If you're on a very straight budget and if your cylinders are close to std (unlikely with that piston family inside) then I'm sure there are many T:ers who could give you a matching set of cast iron pistons free - but a better scenario is that you measure cylinders to decide if it's the +0.020" or +0.030" set of alu pistons you're ordering next
Check the rods carefully so you have the same style - you'll want to weigh them both in the heavy and light ends + in total to check if they're close enough for running in your refreshed engine.
Roger, I do have a spare 26 motor with standard iron pistons that match. I would like to go to aluminum pistons. How much taper and out of round is OK? The cylinder walls look nice.
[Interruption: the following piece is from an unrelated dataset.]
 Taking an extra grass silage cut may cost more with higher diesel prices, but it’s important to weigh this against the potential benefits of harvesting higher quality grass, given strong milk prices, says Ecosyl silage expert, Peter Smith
No scoring or pits.
If the engine runs well as it is, and it's just something you noticed while doing other things, I would leave it alone.
As to how much taper and out-of-round is o.k., you'll probably get a lot of opinions. Here's mine: I would probably not worry about anything under .005 for O.O.R or taper in a used motor. T's are very forgiving.
Cast iron pistons uses smaller tolerances towards the cylinders since they grow equally as the block when heated. Alu pistons have to have a lot of clearance, especially above the top ring, where an old used engine has the most wear so it's unusual to be able to use std size alu pistons in an old block. Myself when I started with T's I had what I thought was a nice engine with usable cast iron pistons, but I wanted less strain on the crank at higher rpms with alu pistons and found stds at a swap cheap - but when I checked them in my cylinders, there were like 0.030" play up by the top rings.. No go, I had to rebore for .0030"+ alu pistons, and that was the smallest overbore that would have cleaned it up. Still it would have been possible to drive with the original cast iron pistons for some more time - they were far from as floppy in the bores as the std alus.
I think the Service Manual says to bore if the taper or oversize is more than 0.0025"? Anyway, with that kind of mix of parts inside, your engine seems to have had a long and interesting life that likely calls for a rebore.
My original plan was to bore the block. I found a long crack in the valve chamber that was leaking coolant which is why I pulled the motor. I don't want to put money into the block until I'm sure the crack repair is working. Just exploring possibilities.
Interesting weights. I weighed the pistons. The heavy type piston is 1255 grams. The light weight types are 1115g, 1090g, 1060g. Quite a difference. I took the pistons out of the spare motor and they are all the light weight type and match.
Maybe the "spare engine" is in better shape??
No the spare motor needs a rebabbett job and valve job. It still has the old two piece valves.
There was a set of .010 over cast iron pistons with parts that I bought once. At the time I was piecing a 26 engine together and after honing it a bit the pistons fit great! The engine, that was assembled from parts, has been running well in my 26 touring. I wouldn't be afraid of the stock pistons.